Maninha faleceu em outubro de 2006 e, como legado, fez nascer, meses depois, o Departamento de Mulheres da APOINME.
“Etelvina Celestina, nossa Maninha Xukuru-Kariri, foi sem dúvida um ícone não apenas para a organização de mulheres chegar à dimensão que está hoje, mas principalmente pela sua contribuição na estruturação para que APOINME esteja no patamar que ocupa atualmente”, lembra Elisa Urbano.
Foi a partir do olhar de Maninha que a pauta da mulher passou a fazer parte dos debates indígenas na organização. “O espaço APOINME não dava visibilidade a questão das mulheres enquanto temática específica. Mas Maninha chamava atenção pela participação e potencial de luta e, principalmente por ser mulher”, diz Elisa.
A criação da APOINME
Nos anos de 1970, os movimentos de luta por direitos indígenas eclodiram no Brasil. É nesta década que, em confronto com os colonos, os povos indígenas se politizaram intensificando suas lutas por direito às terras, às línguas, costumes e à própria vida.
A partir daí, os anos de 1980 tornam-se bastante significativo para o movimento indígena no Brasil, por se tratar de um momento em que o protagonismo das organizações indígenas surge, trazendo visibilidade para suas ações e mobilizações.
Neste cenário, o Nordeste indígena também levanta sua bandeira de luta enquanto movimento social. A primeira experiência foi a UNI-Nordeste, criada em 1985, seguida pela Comissão Leste Nordeste, realizado na Terra Indígena do Pataxó Hãhãhãe, em Itabuna, Bahia.
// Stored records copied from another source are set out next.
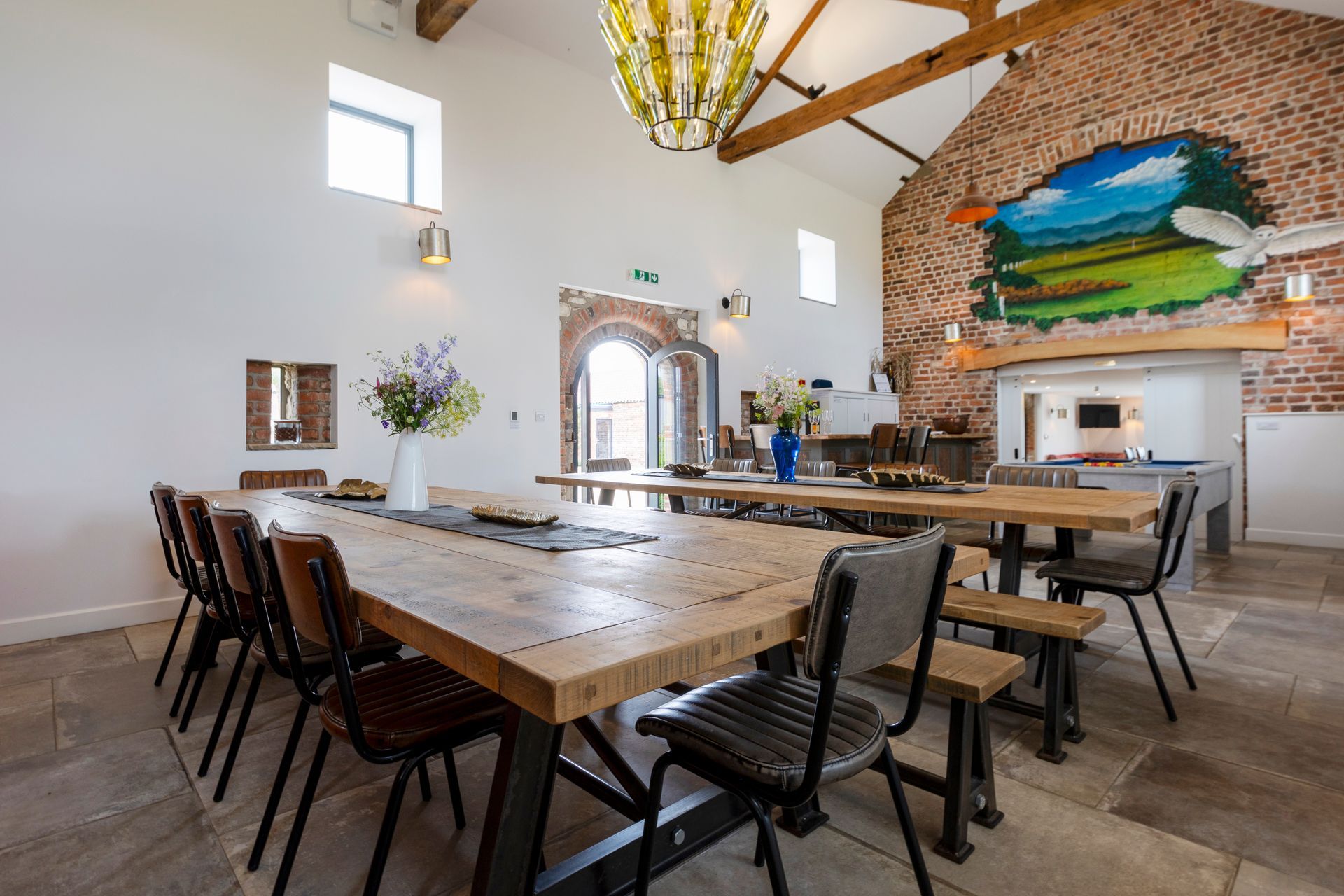 Large dining area with two tables 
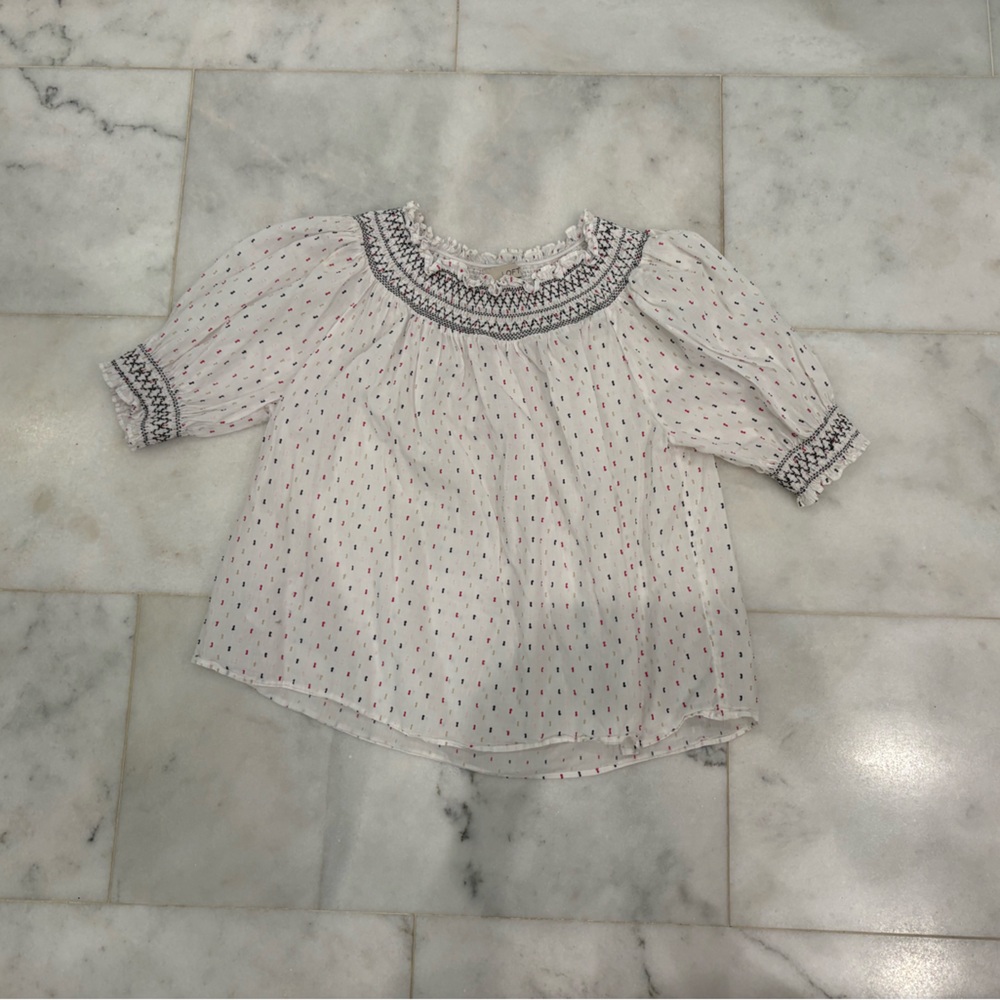 LOFT White Peasant Blouse with Navy and Red Dots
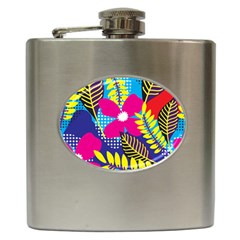 Pattern Leaf Polka Rainbow Hip Flask (6 Oz)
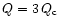 $Q=3\,Q_{\rm c}$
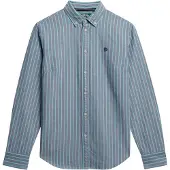 Superdry für Damen. W4010565A Schmal geschnittenes Oxford-Hemd blau (M), Lässig, Baumwolle, Langarm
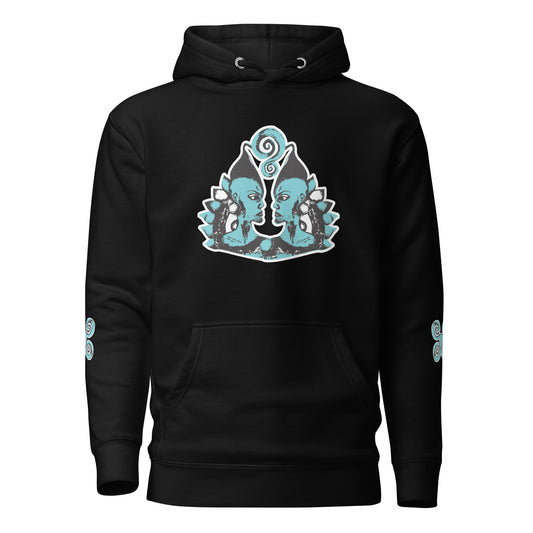 Front of black K.L.O.E. hoodie featuring a hand-drawn design of two mirrored faces in teal and white, highlighting culturally inspired, bohemian style fashion with a focus on individuality, artistic expression, and modern eco-friendly fashion.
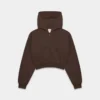 Sweat-shirt à capuche zippé court en molleton douillet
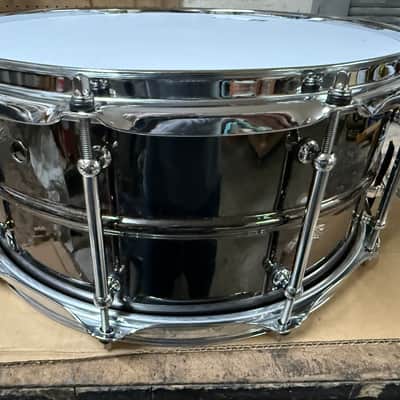 Pork Pie 14x6.5"BOB" Black Brass Snare Drum 2000s - Black brass image 4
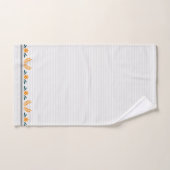 可愛い上品なフローラをオレンジとストライプトレンディー バスタオルセット (ハンドタオル)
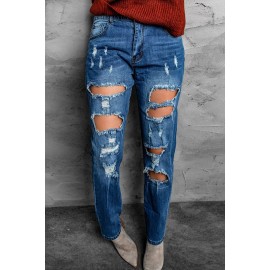 Buttoned Pockets Distressed Jeans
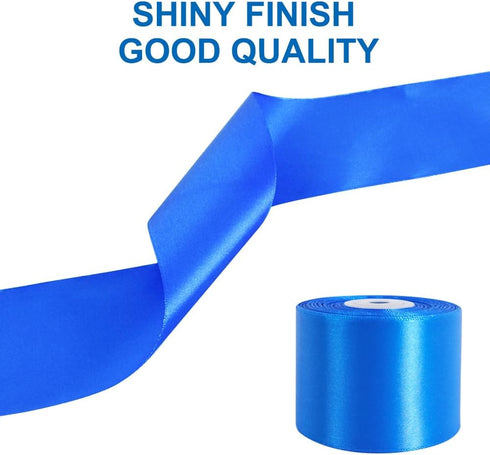 TONIFUL 2 Inch x 25 Yards Wide Royal Blue Satin Ribbon Solid Fabric Ribbons Roll for Valentine's Day Crafts Gift Wrapping Invitation Cards Floral ...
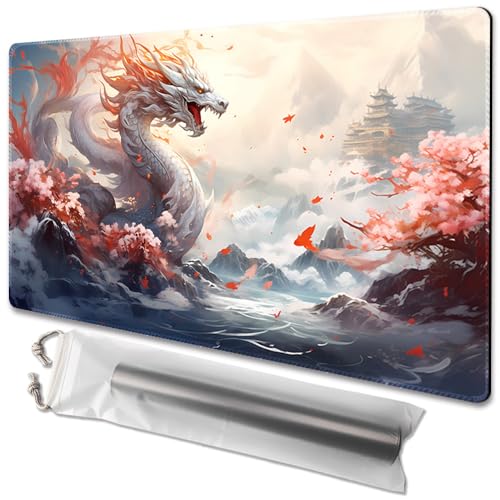 MTG Playmat Size 24x14in Free Storage Bags Non-Slip Backing, Ideal for Card Game Enthusiasts TCG Playmat (Guardian) - color: Guardian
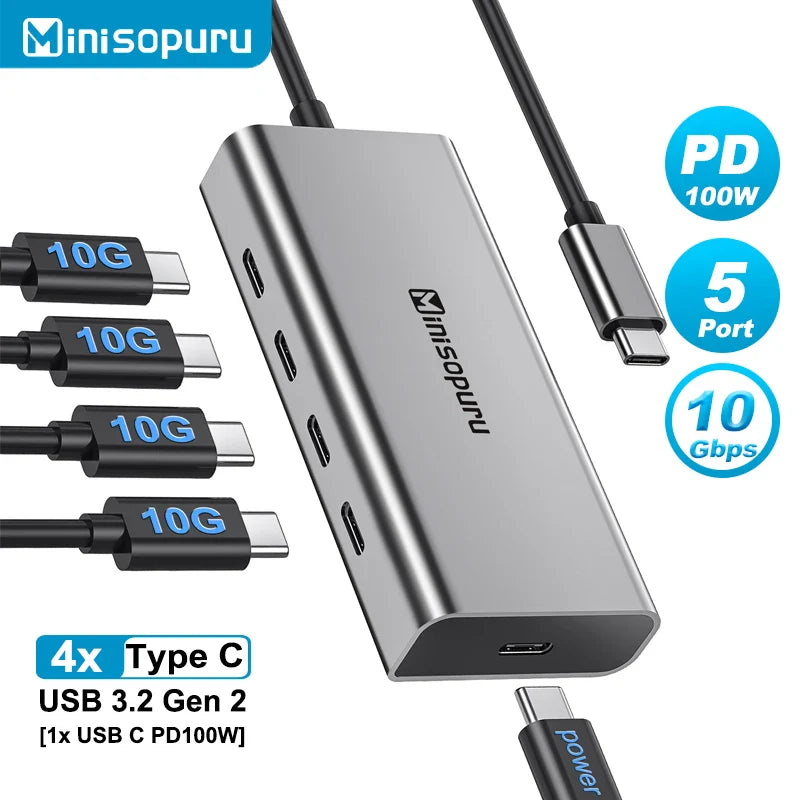 Minisopuru USB C Hub 10Gbps – USB 3.2 Type-C to USB Adapter with 100W PD for MacBook Pro, iMac & PC Accessories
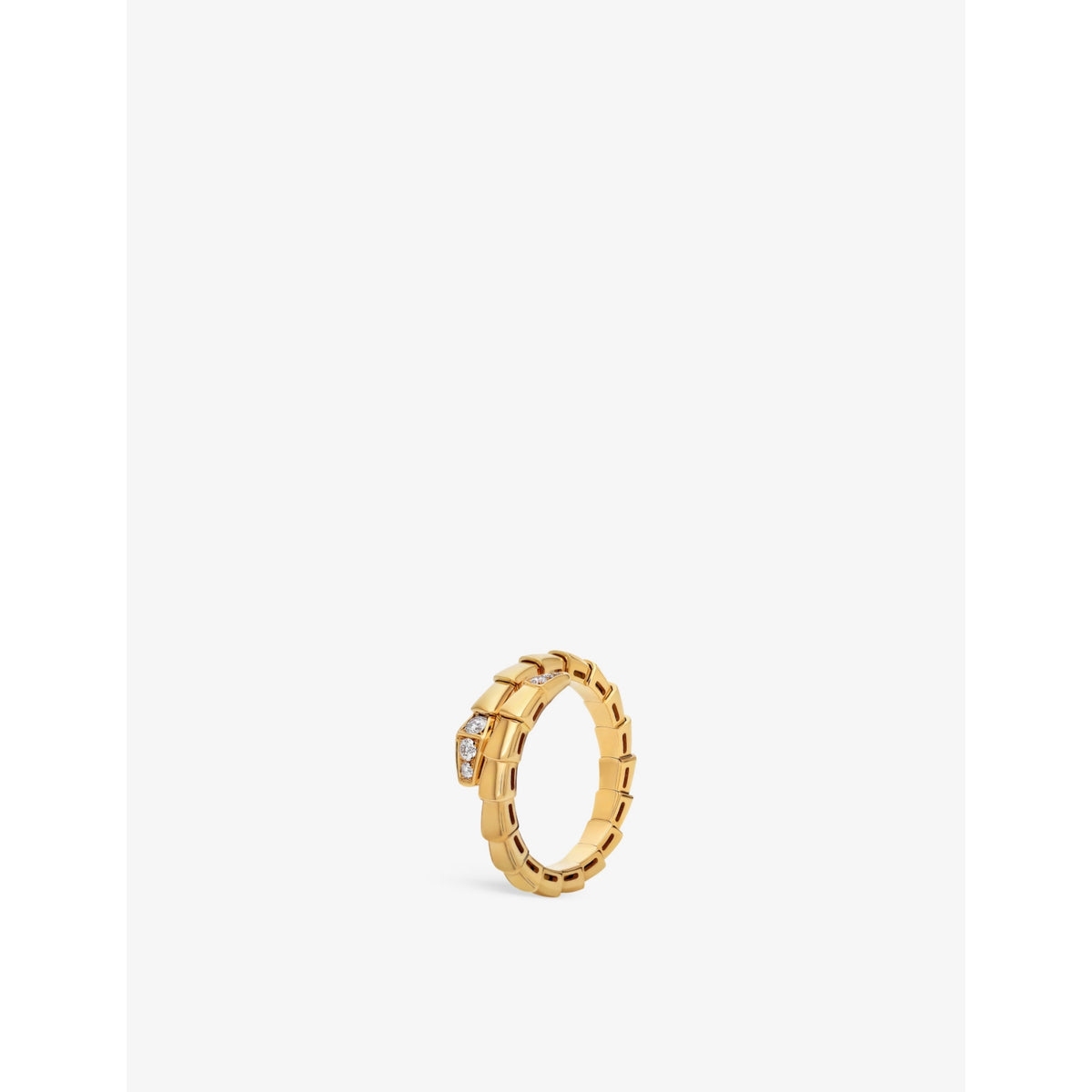 Serpenti Viper 18ct yellow-gold and 0.14ct brilliant-cut diamond ring - S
Em 1990 ela é oficializada como Articulação dos Povos e Organizações Indígenas do Nordeste, Minas Gerais e Espírito Santo (APOINME). Ainda de maneira informal, o objetivo é articular as lideranças da região para a defesa dos direitos indígenas, direitos humanos e, principalmente, aos diretos territoriais.
“A APOINME foi institucionalizada em março de 1995, como uma associação civil sem fins lucrativos, para lutar pela recuperação dos territórios tradicionais indígenas e para reivindicar políticas públicas diferenciadas para a educação, a saúde, o desenvolvimento e a sustentabilidade dos povos indígenas junto ao poder público”, conta a coordenadora do Departamento de Mulheres Indígenas, da APOINME.
Campo de atuação
A APOINME é uma instância de formação política e de lideranças, cujos espaços partem do cotidiano nas aldeias, passam das organizações internas para articulações de povos junto ao Estado, em níveis estaduais, nacionais e até internacionais.
A Sede está localizada em Olinda, no Pernambuco. Mas sua abrangência inclui as organizações de base também de outros estados, como Alagoas, Bahia, Paraíba, Piauí, Rio Grande do Norte, Sergipe, Minas Gerais e Espírito Santo. Em termos de população representa mais de 78 povos e mais de 213 mil indígenas.
“Cada estado se faz representado através de suas lideranças que, no quadro organizacional, nós denominamos de coordenadoras ou coordenadores das microrregiões”, comenta Elisa.
Para ouvir e alcançar as terras indígenas apoiadas, as microrregiões elegem em cada povo um representante, assim a comunicação e articulação podem ser realizadas no menor tempo possível. Dentre todas as demandas levantadas, a principal é a defesa das terras, devido à história de conflitos e invasões dos territórios indígenas, onde as populações dali foram expulsas e ainda hoje convivem com o rastro de violência.
“Quando nossas lideranças estão diante do poder público, reivindicando nossos direitos, sempre explicitamos a questão da terra como mais importante. E assim, essa bandeira de luta é ampliada para defender a saúde, a educação e a sustentabilidade nesses territórios bem como a gestão ambiental. As nossas terras representam nossas famílias, nossas próprias vidas”, conta Elisa Urbano.
A APOINME inspirou a criação de outras organizações em nível de Estado e de povos. Em especial no estado de Pernambuco, a organização tem assento, por exemplo, em conselhos e comissões, onde a representação dos povos indígenas é garantida.